ASHTABULA — An Ashtabula City Council member’s Facebook profile picture shows him giving the finger and he’s not apologizing for the gesture.
The photo shows Ward 4 Councilman Michael Speelman showing two middle fingers — one on each hand. In a phone interview Tuesday, Speelman said his Facebook page is set to “private” so only his friends can see it.
“If anyone else is seeing it and doesn’t like it, I don’t care; I thought it was funny,” he said. “I’m going to do what I’m going to do.”
People extend their middle fingers as a silent, but effective way of showing their displeasure about something. It’s known by other names, such as “shooting the bird” and “flipping off.”

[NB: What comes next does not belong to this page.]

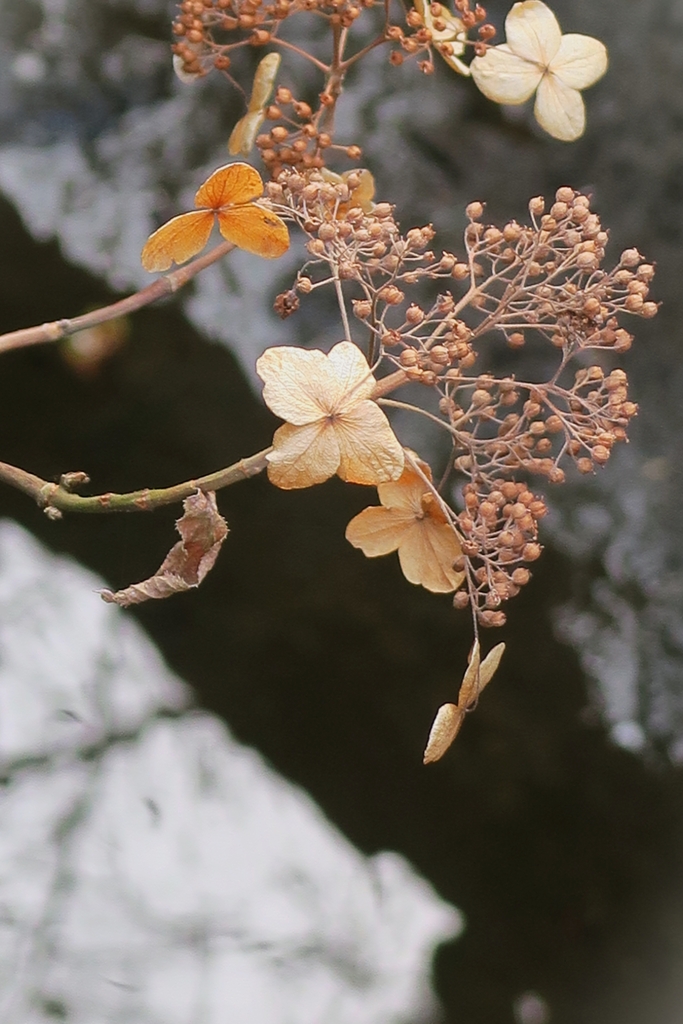 明月院の紫陽花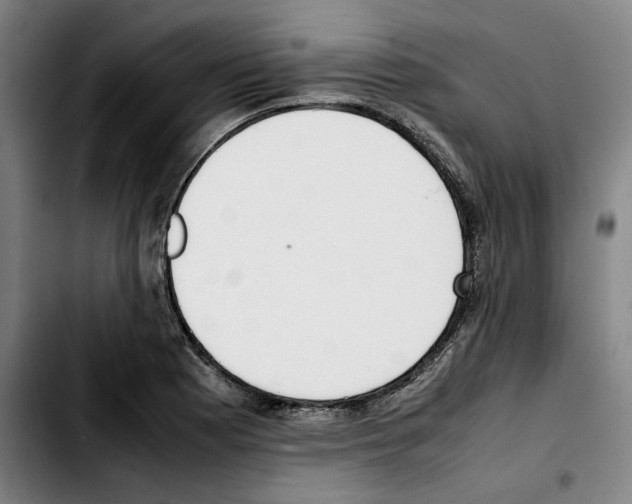 X0000103411177200810241201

Speelman, a Republican who is running for one of two council-at-large seats in November, said his “real friends” love the profile photo.
City Council President John Roskovics, a Democrat who’s running to retain his seat in the election, said he would like to “focus on the progress we’re making and, as president of council, I would highlight the professional and accommodating nature of our meetings.”
Vice President Christopher McClure could not be reached for comment.
Ward 1 Councilperson Kym Foglio said this is a country in which we have freedom of speech and Facebook is a place to do just that.
“I don’t make judgement on what people post,” she said. “If you don’t like it, or it offends you, then simply delete it.”
Ward 5 Councilperson Jane Haines said, “He’s expressing himself.”
Ward 2 Councilman August Pugliese agrees with freedom of speech, but council members should be held to a higher standard.
“When you are a councilperson, you should know how to express yourself in another way,” he said.
Ward 3 Councilman Richard Quaranta agrees.
“He represents the people and when you represent the people, you have to represent all people,” he said. “To me, it’s not a good representation of yourself or other people.”
Quaranta added that he very much respects Speelman, who’s a Marine veteran, and the service he did for this country.
Speelman’s wife, Chrissy, said she, their 16-year-old daughter and “thousands of Marines” would vouch for his character.
“People don’t realize he went to war and almost died numerous times; had bombs blow up around him,” she said. “Dear friends of ours have been killed and Michael was the one that went to Dover, Delaware to meet the body and hand the flag to the widow ... we’ve realized life is way too short to be too serious.”